→ Task directions
Go through the listing below and retype exactly the lines starting at the one with "A white textured" and ending at the one with "A bed with a", skipping pictures.

→ Data records
************

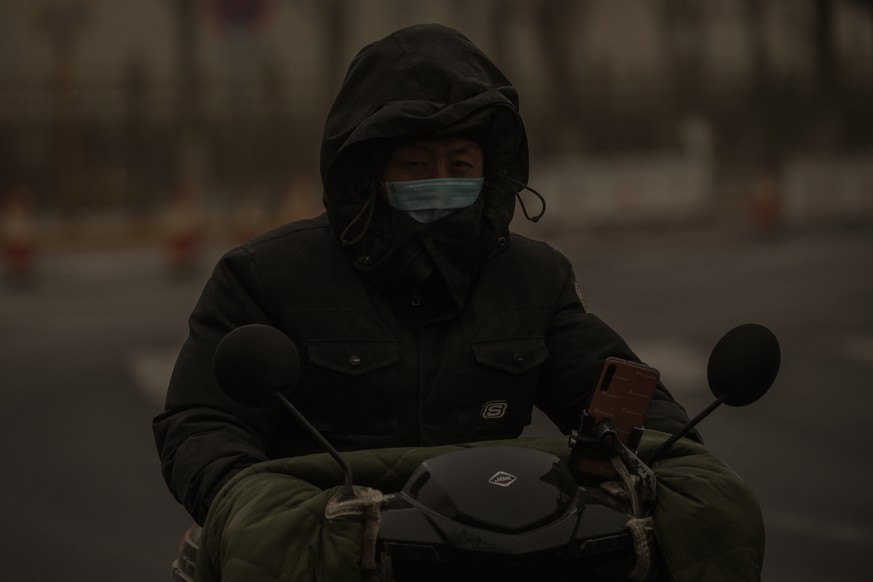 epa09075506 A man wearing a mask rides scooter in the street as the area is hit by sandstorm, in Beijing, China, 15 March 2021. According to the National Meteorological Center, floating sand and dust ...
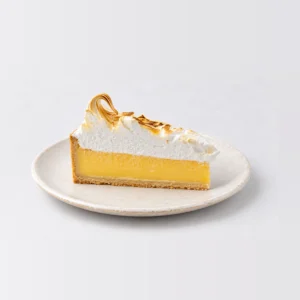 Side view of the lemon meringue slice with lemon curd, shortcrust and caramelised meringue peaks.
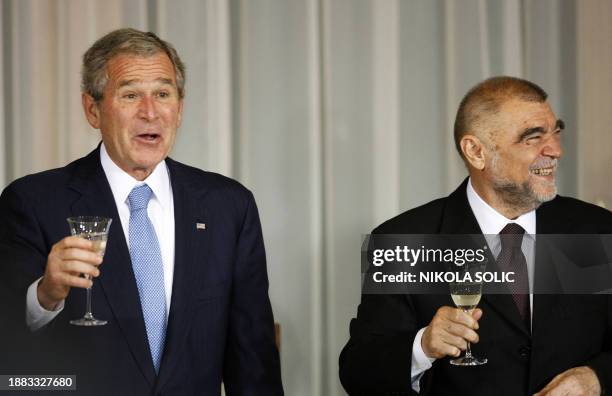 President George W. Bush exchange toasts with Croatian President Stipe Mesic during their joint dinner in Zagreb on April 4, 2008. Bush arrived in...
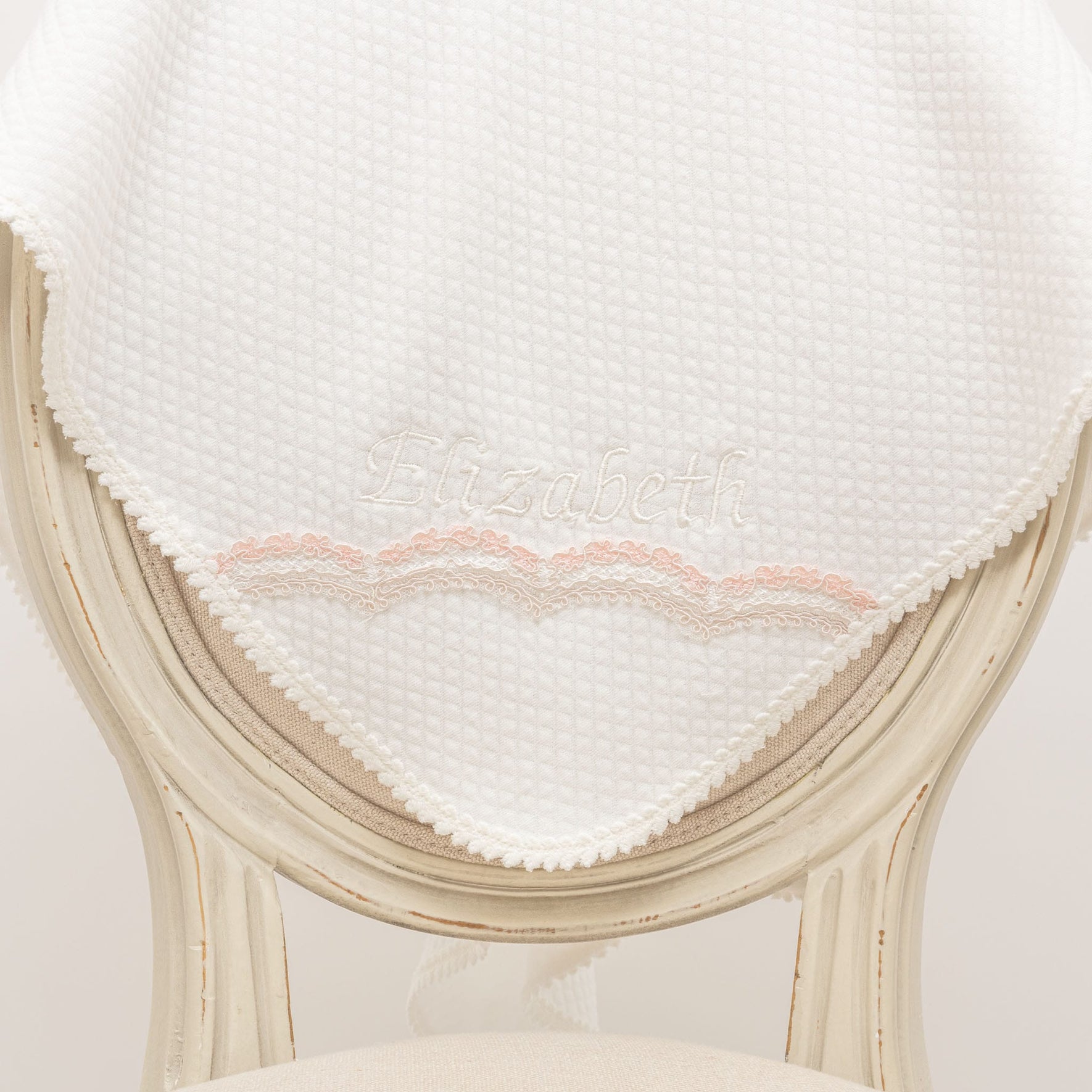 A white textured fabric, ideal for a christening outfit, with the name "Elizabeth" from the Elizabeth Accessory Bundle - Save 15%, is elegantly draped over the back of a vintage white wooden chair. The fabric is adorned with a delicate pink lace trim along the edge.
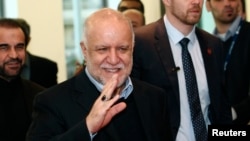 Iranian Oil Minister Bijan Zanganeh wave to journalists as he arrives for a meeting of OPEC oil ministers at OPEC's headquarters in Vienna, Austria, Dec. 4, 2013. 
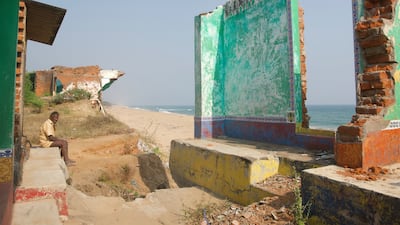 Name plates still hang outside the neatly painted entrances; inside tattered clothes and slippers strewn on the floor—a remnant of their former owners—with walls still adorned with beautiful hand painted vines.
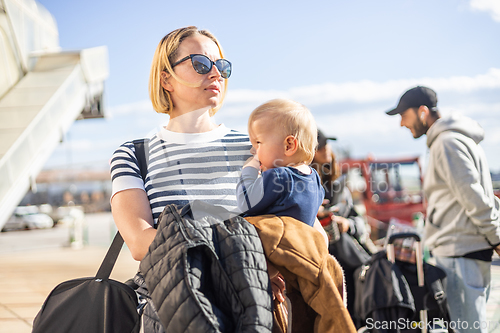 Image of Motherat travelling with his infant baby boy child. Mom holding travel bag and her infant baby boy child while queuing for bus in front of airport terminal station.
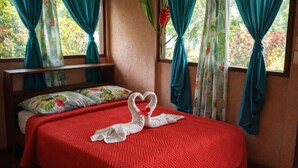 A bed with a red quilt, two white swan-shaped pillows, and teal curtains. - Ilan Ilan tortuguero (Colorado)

************

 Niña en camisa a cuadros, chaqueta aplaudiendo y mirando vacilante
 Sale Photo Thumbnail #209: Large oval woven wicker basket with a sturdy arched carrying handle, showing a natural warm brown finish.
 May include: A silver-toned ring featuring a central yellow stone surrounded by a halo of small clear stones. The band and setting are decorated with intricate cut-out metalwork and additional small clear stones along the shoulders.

************

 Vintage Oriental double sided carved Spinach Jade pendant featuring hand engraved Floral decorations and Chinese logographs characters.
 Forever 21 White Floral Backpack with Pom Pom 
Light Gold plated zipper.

************

→ Response below
 A white textured fabric, ideal for a christening outfit, with the name "Elizabeth" from the Elizabeth Accessory Bundle - Save 15%, is elegantly draped over the back of a vintage white wooden chair. The fabric is adorned with a delicate pink lace trim along the edge.
 Iranian Oil Minister Bijan Zanganeh wave to journalists as he arrives for a meeting of OPEC oil ministers at OPEC's headquarters in Vienna, Austria, Dec. 4, 2013. 
 Name plates still hang outside the neatly painted entrances; inside tattered clothes and slippers strewn on the floor—a remnant of their former owners—with walls still adorned with beautiful hand painted vines.
 Image of Motherat travelling with his infant baby boy child. Mom holding travel bag and her infant baby boy child while queuing for bus in front of airport terminal station.
 A bed with a red quilt, two white swan-shaped pillows, and teal curtains. - Ilan Ilan tortuguero (Colorado)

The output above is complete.